For sure, there are moments of sublime emotional lucidity to Fischer’s music, a form of jazz that, as a good friend described the genre, captures emotions that cannot be expressed in words. But words need not be literal, and it remains, as another friend articulated eloquently, the defining achievement of hip hop to unite music and poetry. But the music often derives from soul music, and soul music from jazz and blues. On the other hand, soul differs from jazz in that it turns our attention from technique towards artistry. The clue is in the name: soul.

Of course, what is the soul without a mind and a body to support it and give it shape and form? Bordered on both sides by jazz technique and hip hop artistry, soul is often pared with R&B in its synthesis of rhythm and harmony driven by melodic ideas and lyrical passion.
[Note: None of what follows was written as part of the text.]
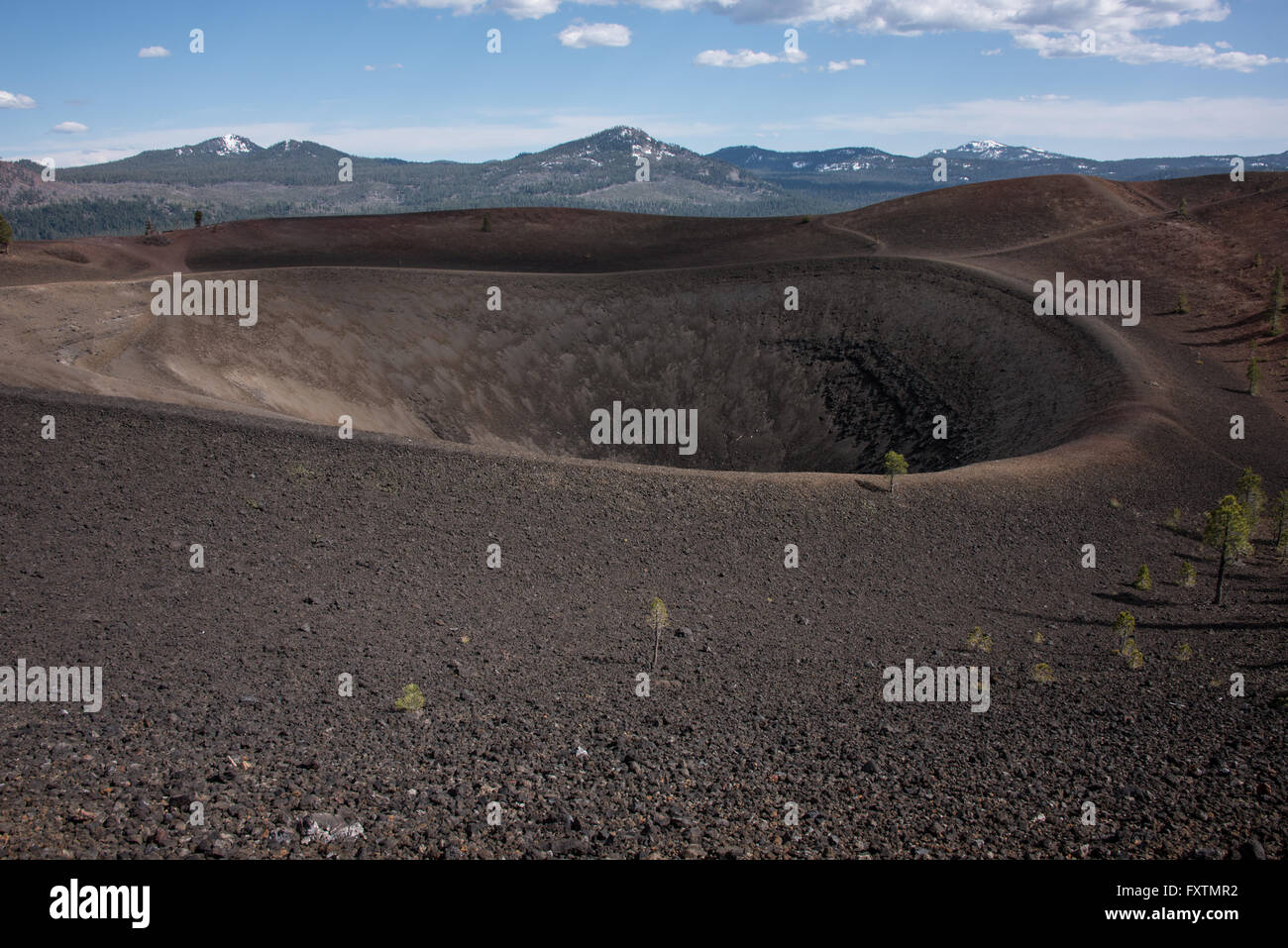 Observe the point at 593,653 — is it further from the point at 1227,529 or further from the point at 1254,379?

Fischer’s baroque jazz restates in an artistic manner the technical foundations of this musical superstructure. Is it enough? Hell no. Does it teach us something about where music comes from, and how it begins? Certainly. Jazz, indeed, was born in from ashes of romanticism. If art is the end or purpose of music, then technique is the origin or platform from which music can grow.
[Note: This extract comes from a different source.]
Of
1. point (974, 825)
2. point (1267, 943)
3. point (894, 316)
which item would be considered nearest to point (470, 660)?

Here begins one story of music. And even in the beginning, the image of the end is imprinted from the end of the last story, which often bears resemblance to the end of this story, before it has even begun. The tension between reason and romance runs through all music. If jazz is the contradiction, and soul is the balance, then hip hop is the resolution of the tension in modern music. The clash finds an epiphany in My Beautiful Dark Twisted Fantasy by Kanye West, a modern version of Mozart’s Requiem.
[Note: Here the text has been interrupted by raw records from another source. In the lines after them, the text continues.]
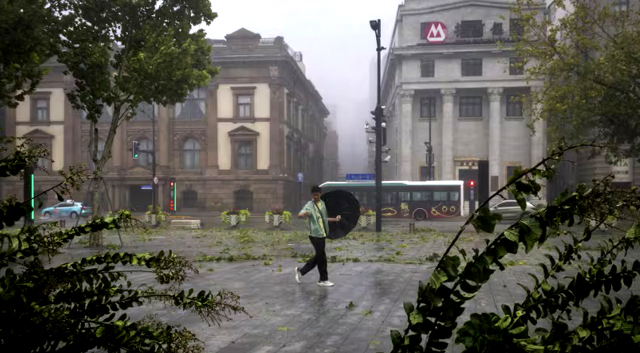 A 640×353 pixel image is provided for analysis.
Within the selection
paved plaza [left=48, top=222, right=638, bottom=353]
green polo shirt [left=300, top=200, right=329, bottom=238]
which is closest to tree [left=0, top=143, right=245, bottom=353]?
paved plaza [left=48, top=222, right=638, bottom=353]

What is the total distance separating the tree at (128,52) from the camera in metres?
16.7

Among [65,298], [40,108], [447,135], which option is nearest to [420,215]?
[447,135]

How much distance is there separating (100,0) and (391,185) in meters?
24.3

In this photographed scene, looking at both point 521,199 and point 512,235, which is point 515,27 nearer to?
point 521,199

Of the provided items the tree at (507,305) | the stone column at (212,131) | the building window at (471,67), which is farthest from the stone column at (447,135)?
the tree at (507,305)

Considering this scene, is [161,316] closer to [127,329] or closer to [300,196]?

And Fischer acolyte Jacob Collier is approaching the age Kanye was when he released that defining album. If he is the new Mozart, now is his time. If there is a time for transcendent artistry from the void of immanent technicality, now is the time. Let the clash be collapsed, that new life may be born. First the old fades away. Only then is the new truly, if traumatically, born. Only when the clash is articulated clearly and defiantly is the muddle of music brought to brilliant life. It is about time. Shall we begin?